The recovery DVD would be a Sony OEM recovery disc... would not have come from Microsoft.



InCollege4Life said:


> I just need to know how to make my laptop boot from the partition with just using the command prompt


You are at the cmd/DOS prompt because you booted with non-Genuine DVD (from what I have thus far gathered from prior posts). You have obviously suffered a catastrophic system event, given that you cannot boot from HDD into normal Windows, SAFEMODE or recovery. Normally when the system is unable to boot into normal Windows, it will automatically boot into recovery using the HDD recovery partition.

When you boot from non-OEM Vista bootable DVD, files are loaded into RAM - "drive x: " - a RAM disk.




InCollege4Life said:


> *Everyone else just please read what is highlighted in red earlier, That is where Im at except im stuck at what to do/commands in the command prompt window*


You must boot from a Sony OEM recovery DVD or the HDD recovery partition. 
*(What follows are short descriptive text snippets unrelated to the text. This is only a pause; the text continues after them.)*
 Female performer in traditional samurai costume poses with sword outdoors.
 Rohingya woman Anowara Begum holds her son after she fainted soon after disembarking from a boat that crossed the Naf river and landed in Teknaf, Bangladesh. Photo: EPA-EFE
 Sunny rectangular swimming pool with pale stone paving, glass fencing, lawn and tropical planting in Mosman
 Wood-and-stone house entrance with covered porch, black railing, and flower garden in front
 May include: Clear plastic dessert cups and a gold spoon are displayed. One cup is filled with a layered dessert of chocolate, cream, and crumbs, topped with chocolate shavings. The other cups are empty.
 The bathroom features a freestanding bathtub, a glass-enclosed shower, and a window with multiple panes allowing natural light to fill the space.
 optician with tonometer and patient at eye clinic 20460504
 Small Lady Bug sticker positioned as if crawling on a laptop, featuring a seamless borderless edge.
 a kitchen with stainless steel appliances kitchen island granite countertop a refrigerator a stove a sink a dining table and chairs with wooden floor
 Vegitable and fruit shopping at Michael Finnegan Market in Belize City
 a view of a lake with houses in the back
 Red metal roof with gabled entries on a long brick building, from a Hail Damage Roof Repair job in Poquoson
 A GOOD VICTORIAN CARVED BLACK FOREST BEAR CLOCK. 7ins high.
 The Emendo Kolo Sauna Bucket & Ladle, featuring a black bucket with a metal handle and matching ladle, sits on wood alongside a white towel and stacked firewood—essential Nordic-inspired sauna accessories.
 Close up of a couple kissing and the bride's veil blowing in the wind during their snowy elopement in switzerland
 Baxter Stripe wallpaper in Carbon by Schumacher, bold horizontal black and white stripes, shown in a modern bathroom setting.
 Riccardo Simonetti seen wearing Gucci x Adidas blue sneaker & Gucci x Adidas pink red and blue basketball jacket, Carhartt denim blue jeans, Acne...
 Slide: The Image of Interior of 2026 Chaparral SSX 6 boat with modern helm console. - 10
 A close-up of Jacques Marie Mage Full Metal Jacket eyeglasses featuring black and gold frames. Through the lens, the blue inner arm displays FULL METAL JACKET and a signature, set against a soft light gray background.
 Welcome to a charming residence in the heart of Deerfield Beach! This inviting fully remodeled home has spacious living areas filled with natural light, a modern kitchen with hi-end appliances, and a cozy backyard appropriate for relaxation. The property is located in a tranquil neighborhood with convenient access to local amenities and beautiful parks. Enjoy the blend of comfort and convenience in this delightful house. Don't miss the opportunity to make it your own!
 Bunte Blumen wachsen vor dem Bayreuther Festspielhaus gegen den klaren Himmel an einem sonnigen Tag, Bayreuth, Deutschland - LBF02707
Check owner's manual on Sony Support site - get the model # from bottom of laptop) and verify that F10 is in fact the correct key sequence for HDD recovery boot.

Regards. . .

jcgriff2

.


----------



## InCollege4Life (Apr 23, 2010)

OK i know what key it is, F11, it still will not boot from recovery partition by pressing F11. It reboots every 2 seconds or faster if i press F11 before 2 secs.

So you are saying I cannot boot form the Recovery Partition?

The cd is not the issue, once i pull up the command prompt i can acces the E: (recovery partition) on the HDD. The CD is from microsoft and it is the VIsta recovery center. I cannot select my partition from there most likely since C: is corrupt.

SO as the same instance as above in RED but for different Reasons I am using Vista Recovery to pull up a command prompt
*
I just want to know how to boot from the recovery Partition SINCE F11 doesnt work. By using the command prompt dialogue*

I know there is another way for this to happen


----------



## jcgriff2 (Sep 30, 2007)

Booting into/ from the recovery partition involves a system re-start. If F11 is the key and it does boot the system into recovery, I would have to say that the recovery partition is damaged along with the recovery-related files found on the OS drive as well. The OS drive and the recovery partition "talk" to each other.

I assure you that I understand your frustration here and and am not playing a game of semantics with you. If I had a direct answer to your question, I would provide it to you.

I am unfamiliar with the Windows Recovery Environment disc that you said Microsoft provided to you as kb927392 states -


> To run the Bootrec.exe tool, you must start Windows RE. To do this, follow these steps:
> 
> 1. Put the Windows Vista or Windows 7 installation disc in the disc drive, and then start the computer.
> 2. Press a key when you are prompted.
> ...


You do not have #1 - the Sony OEM Vista recovery DVD.

Regards. . .

jcgriff2

.


----------



## InCollege4Life (Apr 23, 2010)

ok figured it out. 
using my made disk opened command prompt
from there finally made the recovery partition the primary (just thought i did earlier i guess)
booting from recovery now


----------